[MATERIAL PROVIDED]

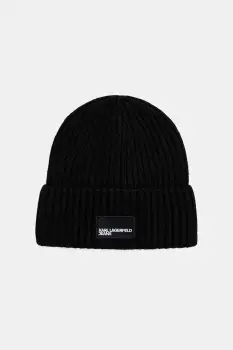 Karl Lagerfeld Jeans caciula din amestec de lana culoarea negru, din tricot gros, A3M33115 imagine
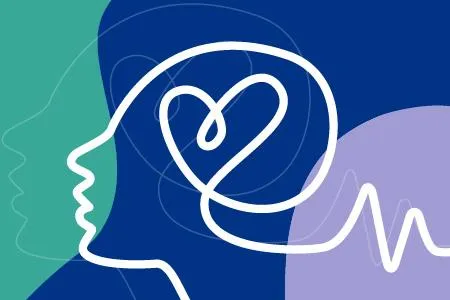 Abstract drawing of a head overlayed with a heart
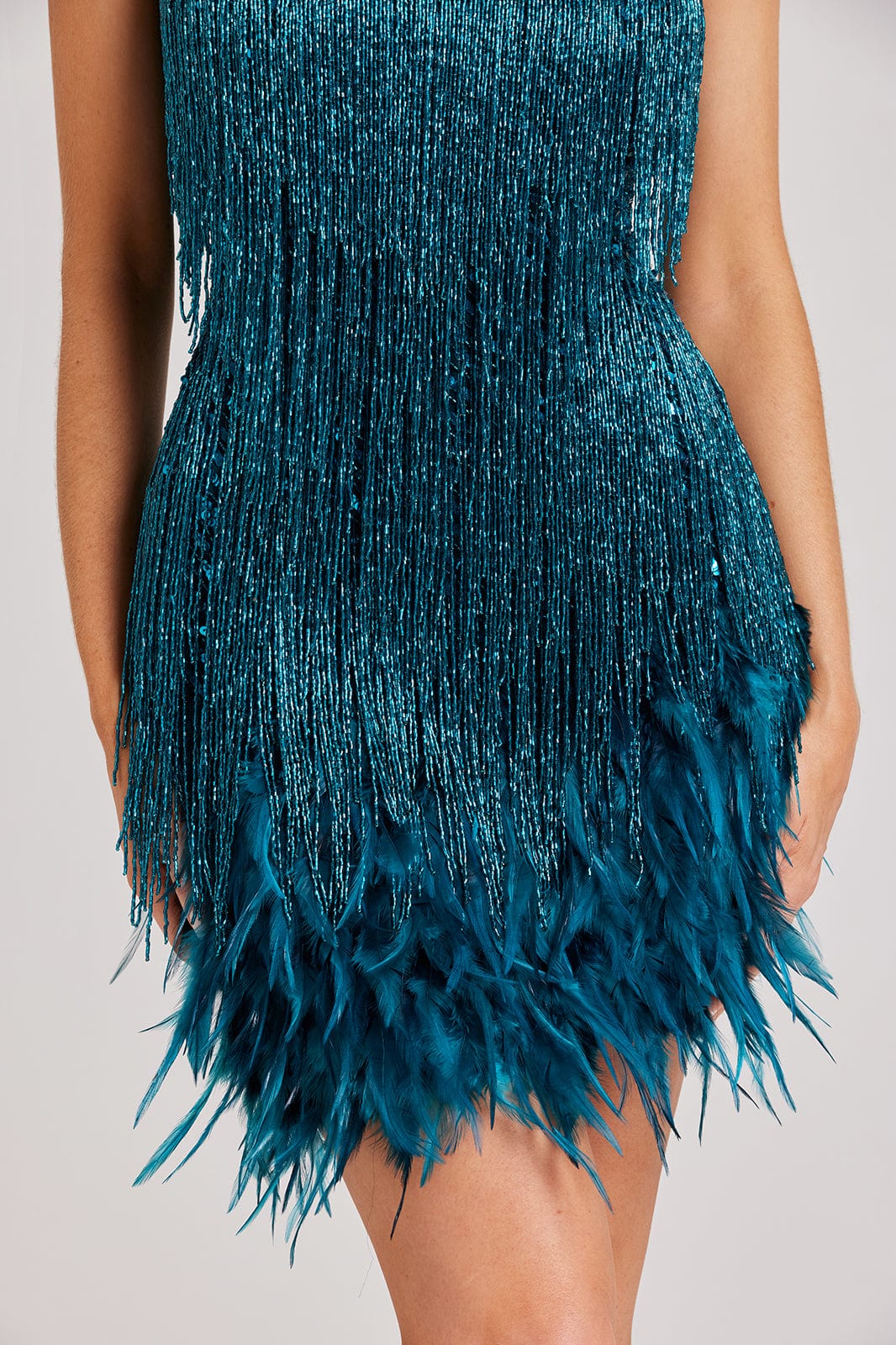Nika | Sequin Fringe Feather Dress Dresses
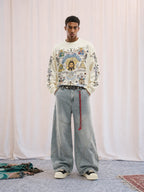 Thesupermade American High Street Graffiti Long Sleeve T-Shirt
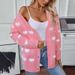 Aria Basics Aria Basics Rainy Towel Embroidered Heart Cross-Border Knitted Cardigan Autumn Winter Mid-Length Button Sweet Fashion European And_ecoleips.com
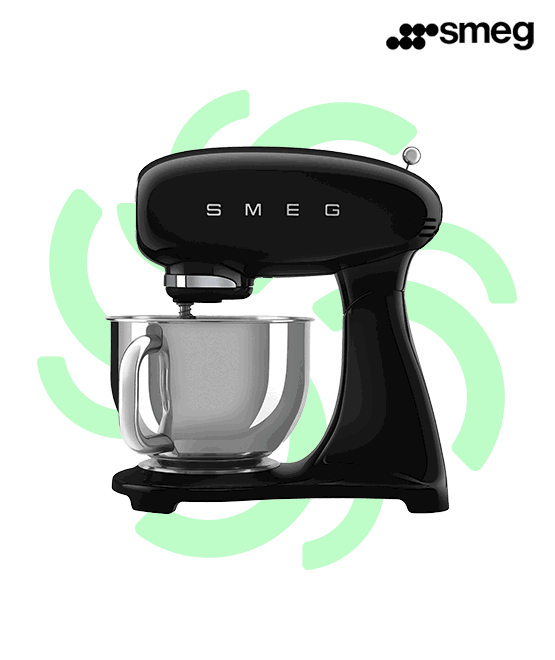 A Smeg stand mixer on a white background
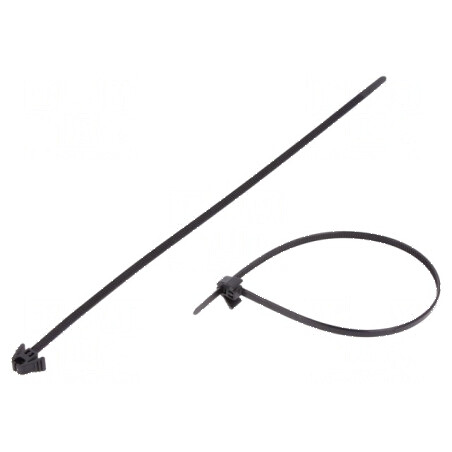 Colier de strângere din poliamidă, 200mm lungime, 4,7mm lățime, capacitate 135N, culoare neagră | Electronic-mag.ro | Componente Electronice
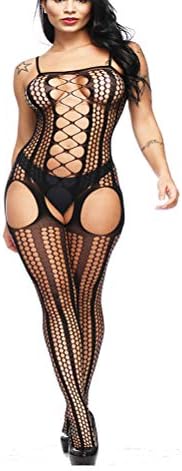 BECHARNY Bodystocking -Fishnet Striped Crotchless Bodysuit Lingerie for Women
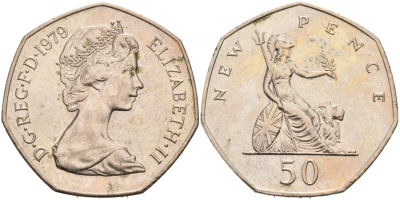 Великобритания 50 пенсов 1979 Елизавета II (1952-2022) KM 913, Spink 4223 (H1) медно-никель aUNC 88-541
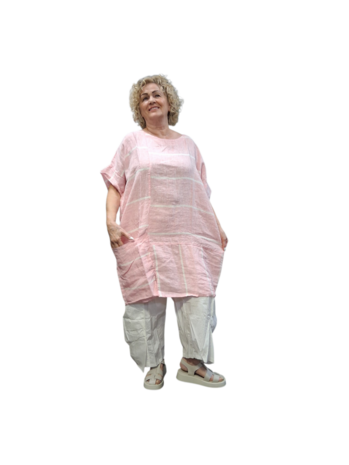 Roze witte tuniek 100% linnen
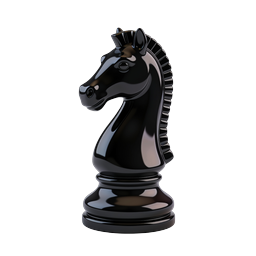 Black Chess Knight Piece Icon | 3D Glossy Chess Icon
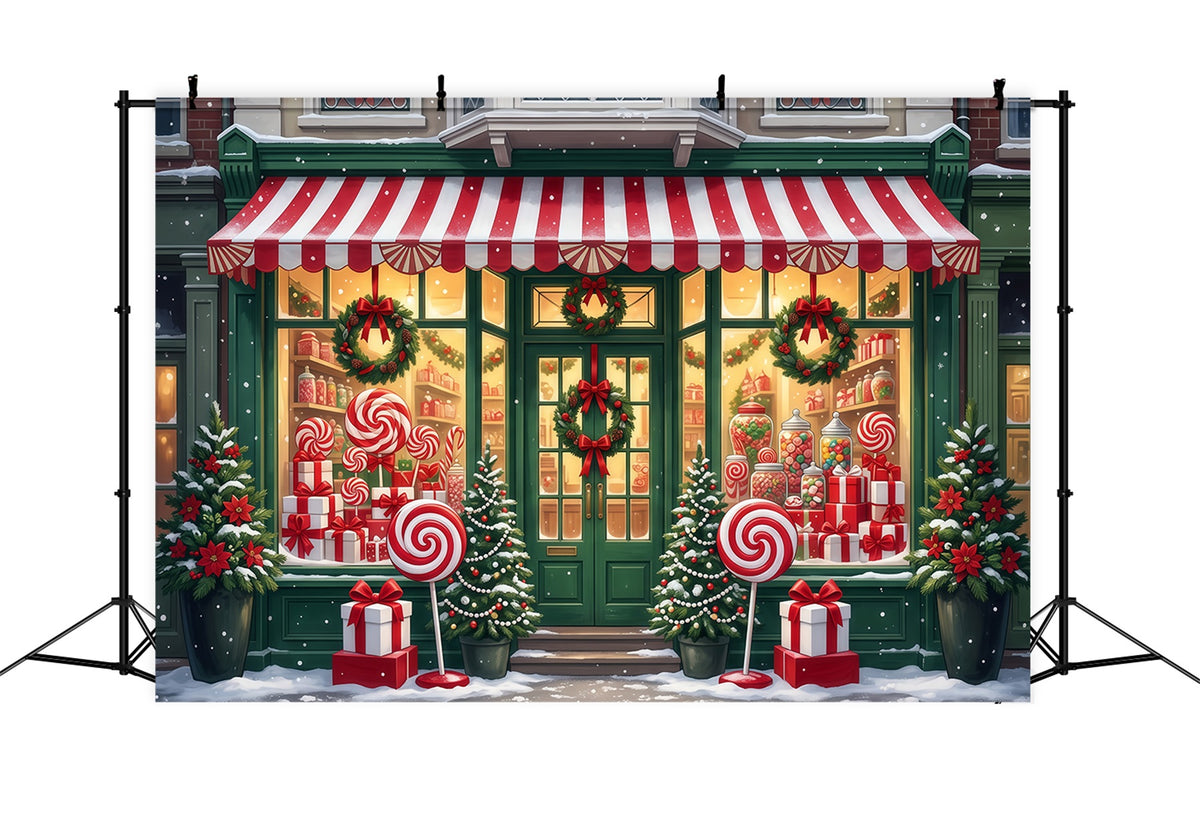 Christmas Candy Cane Backdrop Lollipop Candy Shopfront Merry Christmas Backdrop RR610-70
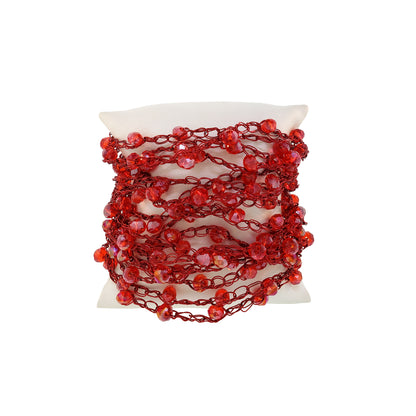 Red Velvet Multi-String Handmade Crochet Bracelet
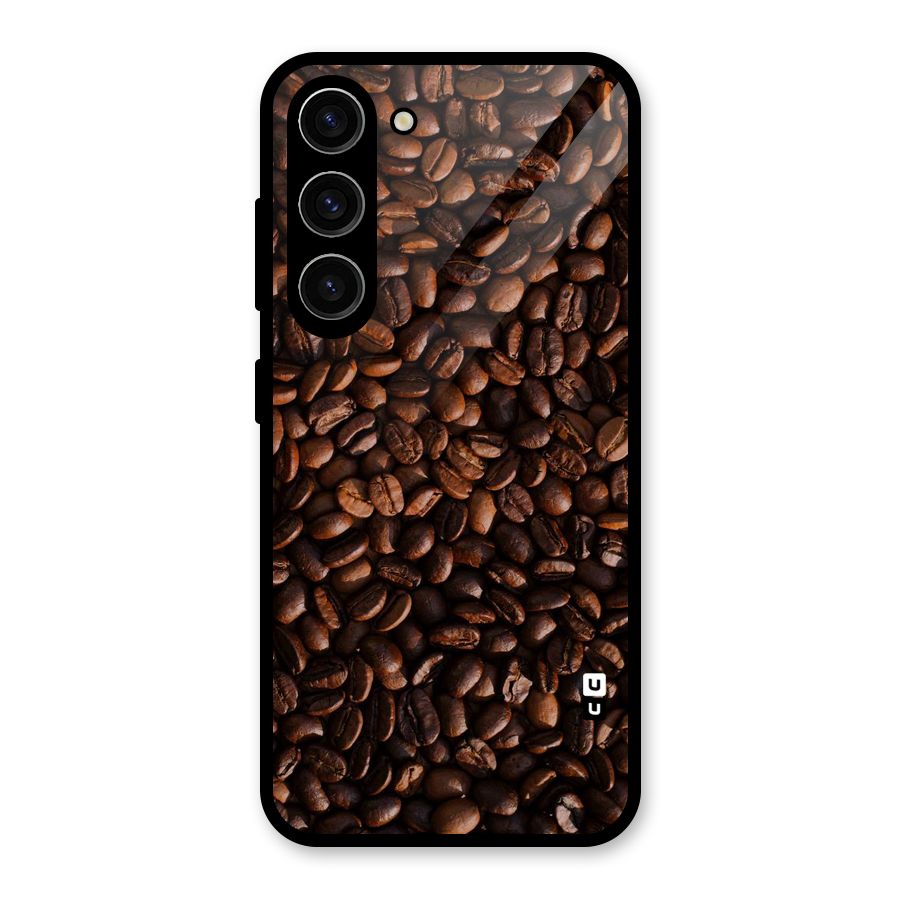 Coffee Beans Scattered Glass Back Case for Galaxy S23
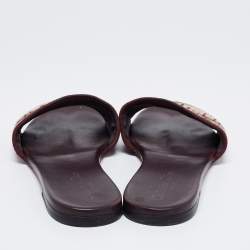 Pre Owned Dior Brown Canvas Dway Flat Slides Size 39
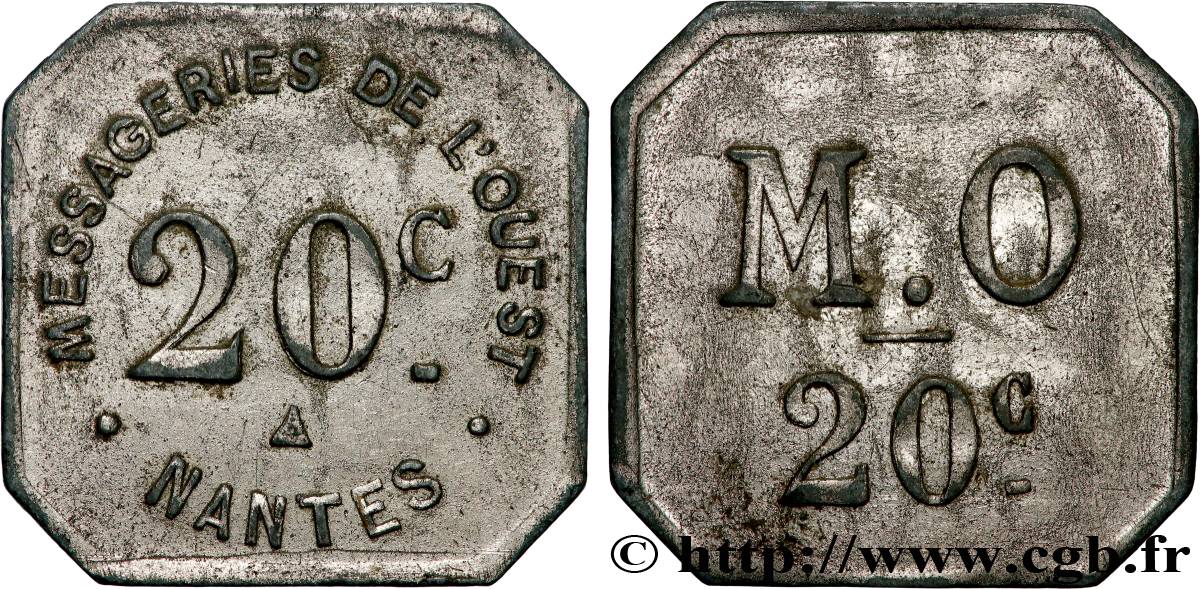 MESSAGERIES DE L’OUEST 20 Centimes Messagerie de l’Ouest - Nantes AU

[/MATERIAL PROVIDED]

Extract precisely the lines beginning at the line containing "Roze witte tuniek 100% linnen" and ending at the last line of the entries above, exactly as written and with no pictures.

 Roze witte tuniek 100% linnen
 Black Chess Knight Piece Icon | 3D Glossy Chess Icon
 Christmas Candy Cane Backdrop Lollipop Candy Shopfront Merry Christmas Backdrop RR610-70
 Red Velvet Multi-String Handmade Crochet Bracelet
 Coffee Beans Scattered Glass Back Case for Galaxy S23
 Pre Owned Dior Brown Canvas Dway Flat Slides Size 39
 MESSAGERIES DE L’OUEST 20 Centimes Messagerie de l’Ouest - Nantes AU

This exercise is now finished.